[Start of Attachment]
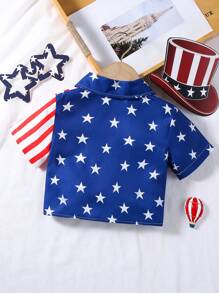 SHEIN 少女返校季休閒度假美國國旗印花短袖扭結前立領襯衫，夏季 - 藍色 - 查看 2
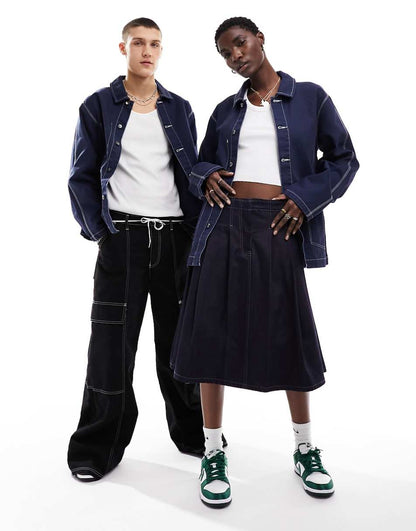 Nike Life Unisex chore jacket in dark blue
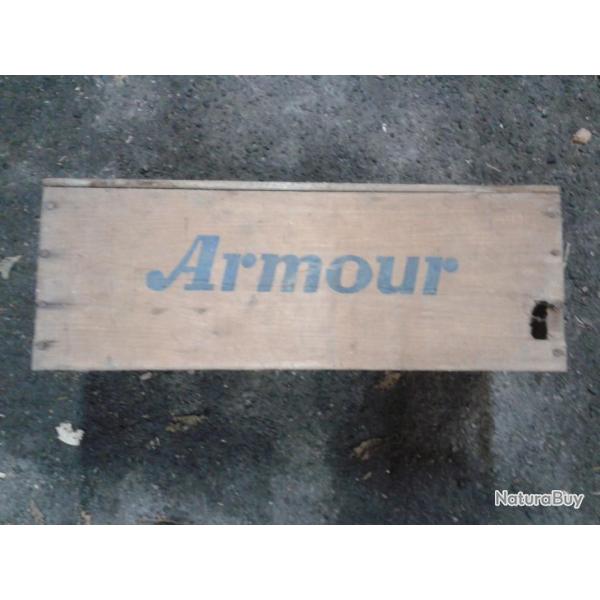 Rare Caisse Bois Corned Beef ARMOUR WW2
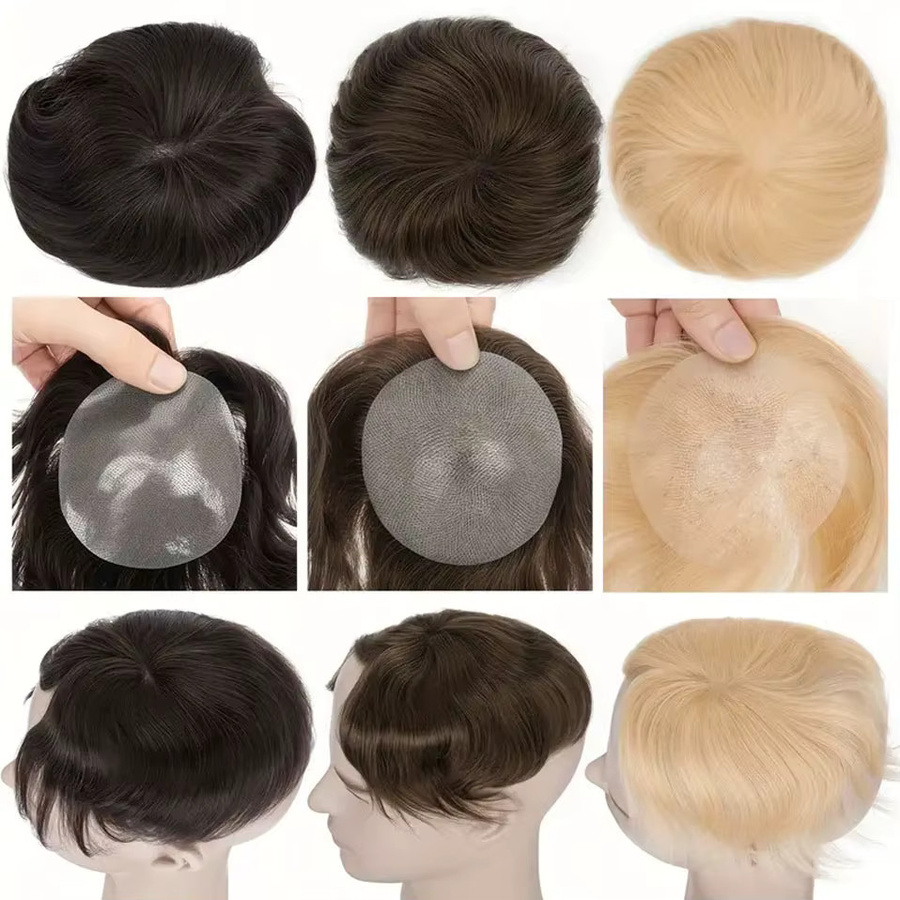s-noilite Haar Patch Toupet für Männer, 100 % Remy Echthaar, PU - Bild 5
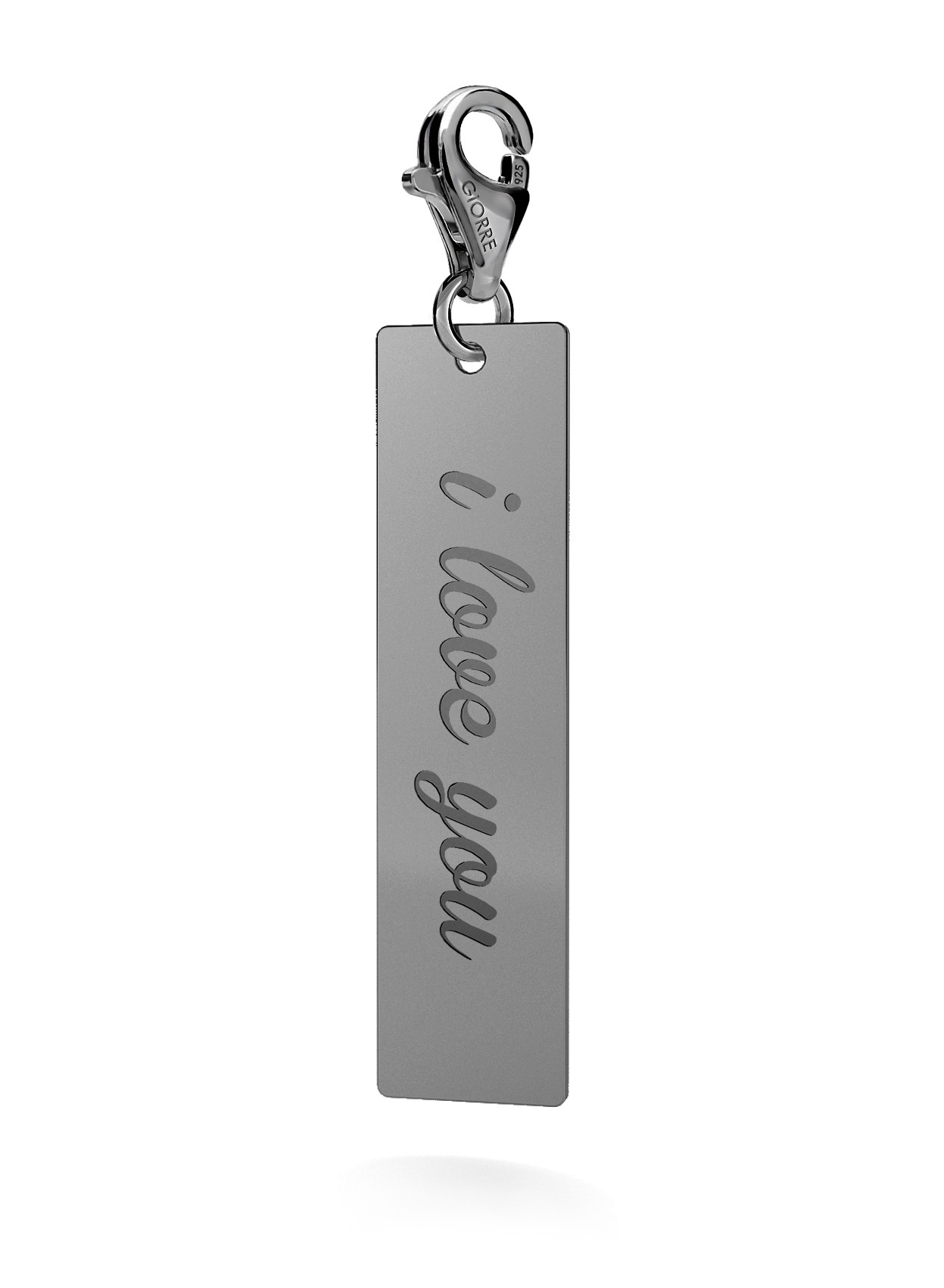 CHARM WITH ENGRAVE, RECTANGLE, SILVER 925, RHODIUM OR GOLD PLATED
[End of Attachment]
**TASK DIRECTIONS:** Repeat the records in full, precisely, and keep the pictures out.

**THE ANSWER:**
 SHEIN 少女返校季休閒度假美國國旗印花短袖扭結前立領襯衫，夏季 - 藍色 - 查看 2
 Nike Life Unisex chore jacket in dark blue
 Rare Caisse Bois Corned Beef ARMOUR WW2
s-noilite Haar Patch Toupet für Männer, 100 % Remy Echthaar, PU - Bild 5
 CHARM WITH ENGRAVE, RECTANGLE, SILVER 925, RHODIUM OR GOLD PLATED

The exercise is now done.